17 Luglio 2013

Intervista a Riccardo Pacifici – presidente della Comunità ebraica di Roma – sull’odio diffuso attraverso Internet

Fonte:

Corriere della Sera

Autore:

Andrea Garibaldi

Pacifici: chi propaga odio deve pagare Pene più dure anche per i reati online

Le scuse Francia, Germania e Belgio hanno chiesto scusa per l’Olocausto. Da noi non è mai successo

ROMA — Era il 13 di giugno, poco più di un mese fari ministro per l’Integrazione Cécile Kyenge visitò la Sinagoga di Roma. Poche ore prima un’esponente della Lega Veneta aveva detto a proposito di lei: «Mai nessuno che se la stupri…». Riccardo Pacifici, presidente della Comunità degli ebrei di Roma, ha ripensato a quella sera nel Tempio, dopo che alla Kyenge hanno detto «orango»: «Lo so, esistono anche (pochi) storici ebraici che in nome della libertà di espressione sono contrari al reato di odio razziale, etnico o religioso…».

Lei invece è per una legge più dura.

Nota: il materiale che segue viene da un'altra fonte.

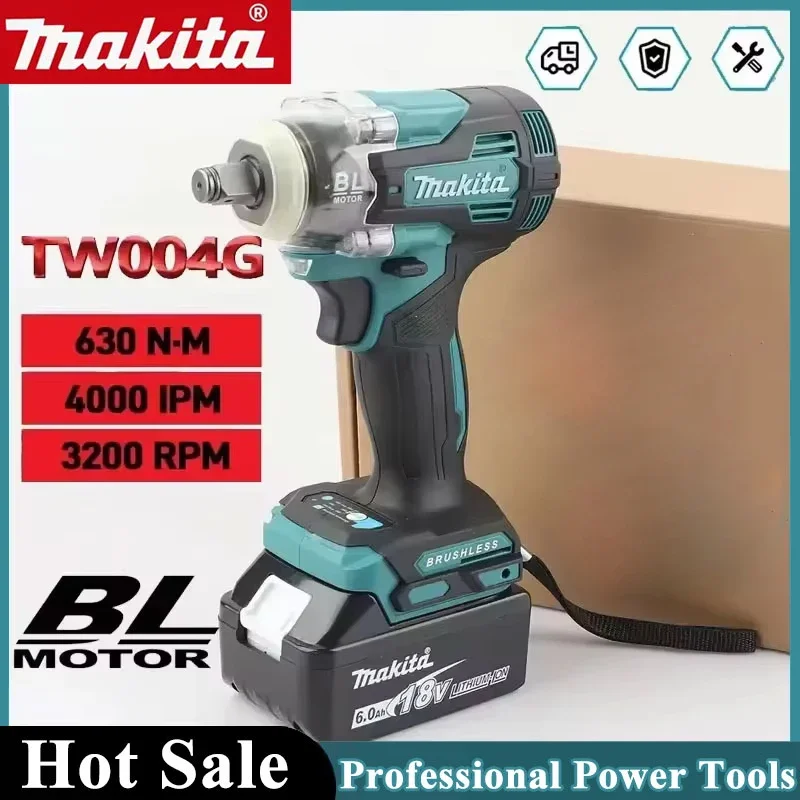 

Makita TW004G 630N.m Brushless Screwdriver Machine Cordless Electric Screwdriver Rechargable Drill Driver For 18V Battery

Non pensa che sia meglio prevenire, costruire un senso comune che rifiuta queste impostazioni?

«Penso che chi usa la democrazia per propagare odio, oppure chi utilizza la libertà di espressione per smentire che siano esistite camere a gas nei campi di sterminio, debba essere fermato».

In Italia c’è la «legge Mancino».

«Gli episodi che continuano a succedere impongono che le pene previste da quella legge vengano aumentate. C’è una decisione del Consiglio dell’Unione Europea del 2008 che quattordici Paesi europei (Germania, Austria, Francia, Belgio e altri) hanno recepito. L’Italia no».

Come andrebbero aumentate le pene?

«La legge Mancino prevede un anno per odio razziale, la decisione europea arriva fino a tre anni. E poi si tratta di adeguare la nostra legislazione ai tempi. Nel 1993 il ministro Mancino non poteva considerare cosa sarebbe diventato il cyber crime».

Lo stesso ministro Kyenge ha detto di ricevere quotidiane minacce di morte online.

«Bisogna poter colpire in modo netto chi si muove nel web per offendere, minacciare, diffondere menzogne storiche. Oggi molti siti sono basati in Iran o in alcuni Stati degli Stati Uniti e approfittano di una legislazione poco chiara. Ci deve essere invece la possibilità di oscurare subito i siti che violano certe regole. Come si fa con la pedopornografia».

Di queste nuove norme si parla da tempo.

«Abbiamo cominciato con Alfano, quando era ministro della Giustizia, nel 2011. Poi, nella scorsa legislatura, Monti promise che la nuova legge sarebbe stata approvata entro i127 gennaio 2013, Giornata della memoria. II ministro Riccardi si è molto impegnato».

Non ce l’ha fatta.

«No. Ora su iniziativa dei senatori Amati (Pd) e Malan (Pdl), con l’appoggio di parlamentari di Scelta civica, Sel e Movimento 5 Stelle, una proposta di legge è in Senato. Prevede la reclusione fino a tre anni per chi nega genocidi, crimini contro l’umanità e crimini di guerra, per chi propaganda odio razziale, etnico o religioso, per chi incita a commettere atti di discriminazione anche con mezzi informatici».

Lei vorrebbe che i tempi fossero rapidi.

«Faccio un pubblico appello affinché la nuova legge venga approvata prima del 16 ottobre prossimo, quando cadrà il settantesimo anniversario della deportazione degli ebrei romani. Un minuto dopo la promulgazione della legge il ministro dell’Istruzione avrebbe — per esempio — più possibilità per intervenire nei confronti di un docente di scuola superiore come il veneto Franco Damiani, che ha negato l’Olocausto».

Ma in Italia c’è più razzismo che altrove? La ministra Kyenge giura di no.

«Sono con lei. Nonostante tutto, non credo ci sia pari mobilitazione nel mondo. Non esiste scuola di ogni ordine e grado che non si mobiliti sui temi della memoria, che non inviti gli ultimi sopravvissuti dei campi di stermini, Piero Terracina, Sami Modiano… Ciò che è mancato finora in Italia è altro».

Cosa?

«Chirac chiese scusa per il rastrellamento di tredicimila ebrei al velodromo d’inverno a Parigi, nel luglio 1942. Germania e Belgio hanno chiesto scusa per l’Olocausto. Da noi non è mai successo: per l’equivoco di aver cominciato la guerra da una parte e averla finita da un’altra. Io confido che anche questo vuoto sarà presto colmato».